If the block producer is playing the lottery, they can commit a known secret number, then tamper with the blockhash such that the final outcome is favorable.
Now that Ethereum has moved to proof of stake, this attack is harder to pull off, because the malicious producer must be the block producer at the exact block of the reveal.
But if you want to be safe against malicious block producers, you should use chainlink VRF (described next).
A financially equipped attacker can exploit this scheme if sufficiently motivated. Let’s say we pay out a player if the blockhash is even. The attacker can flood the network with high gas transactions to prevent the reveal transaction between blocks 20 and 276. Remember, the blockhash produces zero if the look back is greater than 256. This would be very expensive for the attacker, but it is still a possible attack vector.
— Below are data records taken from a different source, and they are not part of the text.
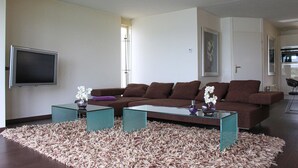 A modern living room with a brown sofa, two glass coffee tables, and a shaggy rug. - Porta Isola - Villa Water (Stevensweert)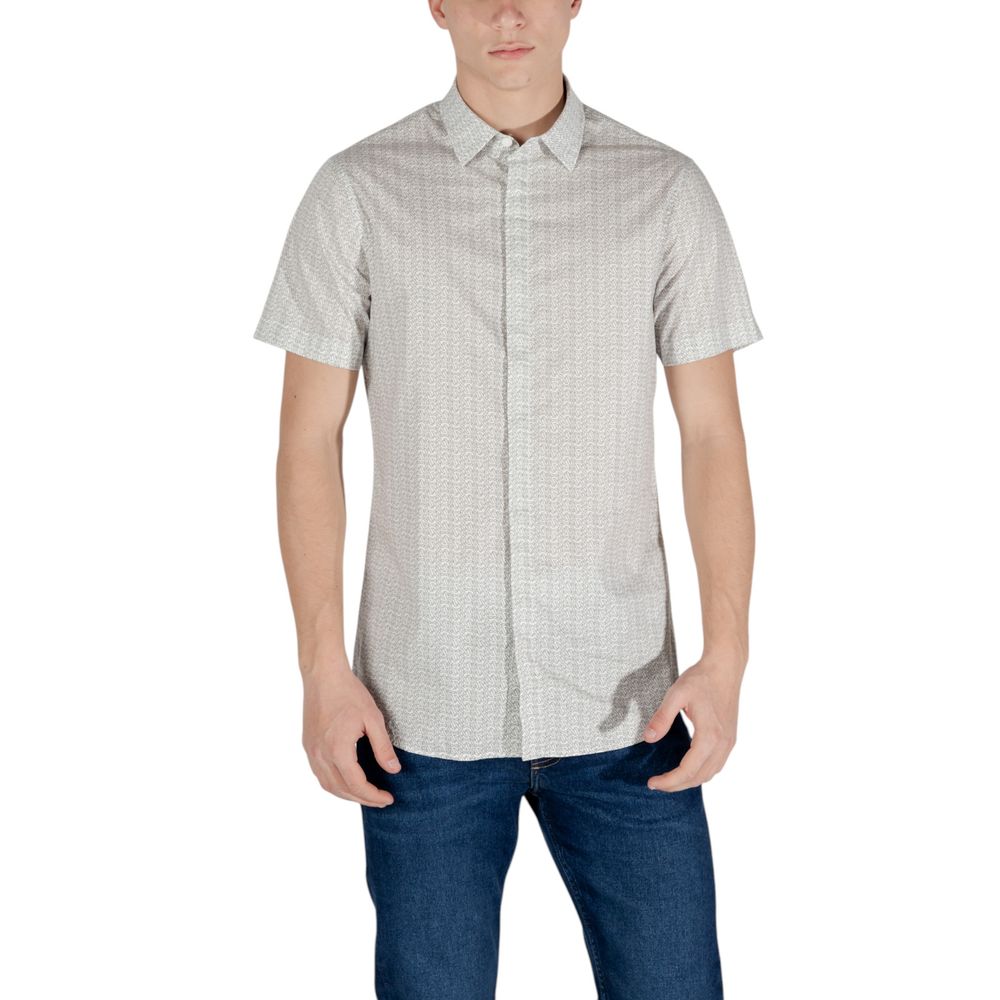Elevate your wardrobe with the Armani Exchange Cream Cotton Shortsleeve Shirt, a luxurious blend of cotton and elastane, perfect for sophisticated occasions.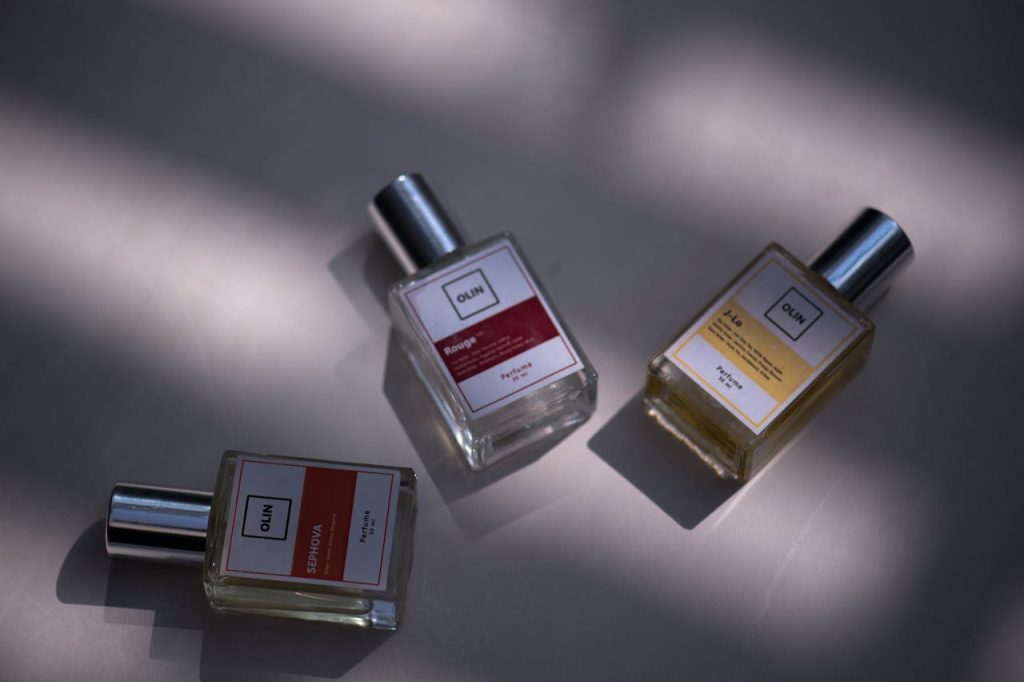 A still life shot of three elegant perfume bottles on a flat surface under soft lighting.
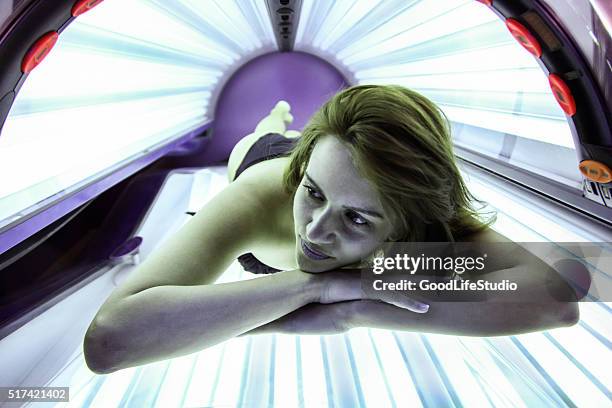 woman in solarium - sunbed stock pictures, royalty-free photos & images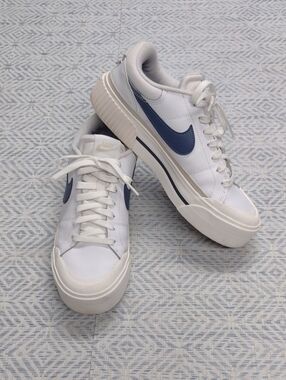 Nike White Sneakers with Navy Blue Swoosh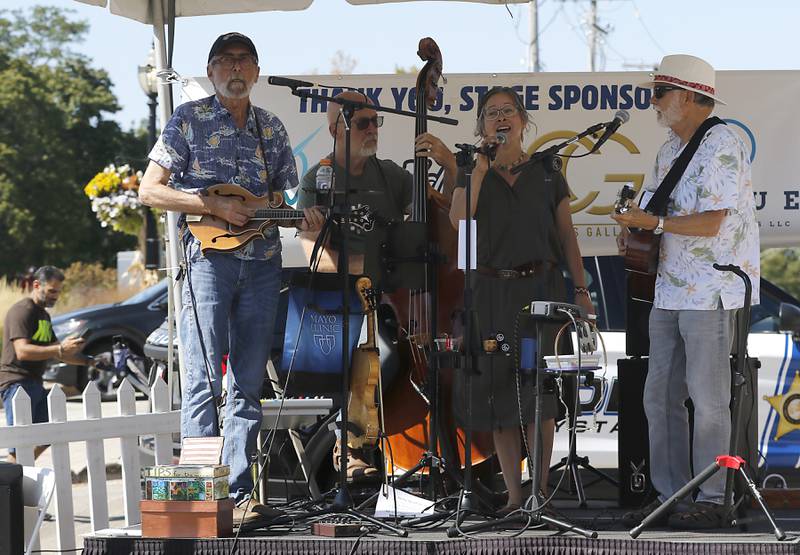 Cheryl & The Down Home Boys perform on the stage at the Taste of Downtown during the Johnny Appleseed Festival on Saturday, Sept. 27, 2025, in downtown Crystal Lake. The festival featured live performances, food and family-friendly activities.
Much has already been written online about how to generate random numbers with Chainlink VRF (Verifiable Random Function). Their documentation is very good and easy to follow. But here is how it works in a nutshell.
The smart contract that wants a random number calls the chainlink smart contract requesting a random number (and paying some LINK to cover the cost).
Chainlink will accept the request and wait a specified number of blocks and call back the contract that requested the random number. Chainlink’s algorithm for generating the random number is transparent, so anyone can validate it was created in a fair manner.
Chainlink cannot do this in on transaction, or a malicious player could revert the transaction if they get an outcome they don’t like.
Due to the possibility of chain reorganization, the application specify that the callback happen further into the future for high value use cases.
Chainlink initiates the second transaction, so this saves the user the trouble of authorizing a second transaction. However, there is a literal price to this convenience, as not only must the user pay the gas cost, they (or the application) must also pay LINK token to use the service.
I have to give credit to a conversation I had with gaspack.xyz who came up with the core of this idea.
On obvious UX problem with the above solutions is that they require a delay of some sort, and potentially two transactions. In a blockchain game, players might not appreciate the delay.
How can you do this without creating a vulnerable smart contract?
A semi-decentralized way to get random numbers is to have an offchain random number generator create and cryptographically sign a random number, the sender, and a future blocknumber.
That random number will be concatenated with the future blockhash, and the resulting string will be hashed. This produces the random number. The smart contract responsible for distributing the reward verifies the signature against the sender and block number.
Even if the offchain random number generator isn’t perfectly random, or even slightly malicious, it can’t predict future blockhashes, and doesn’t know what it’s random number will be concatenated with. Because the signature is only valid at a particular block, the player cannot wait for a favorable block before they roll the dice.
There are three ways this scheme can be weak:
The miner controls both the random number generator and is the block producer at the specified time. As long as the block producer and the random number generator don’t collude, this scheme is safe.
The random number produces the same number over and over. In this case, the miner can easily predict how he or she should tamper with the hash.
There needs to be a way for players to avoid getting several random numbers so they can try until results are favorable. This necessarily requires some kind of off-chain gating which will likely be less transparent and secure.
It is possible to mitigate these drawbacks to a certain degree by further decentralizing the random number producer. For example, you could use block hashes on the bitcoin network as a source of random numbers. This will make it transparent if funny business is going on.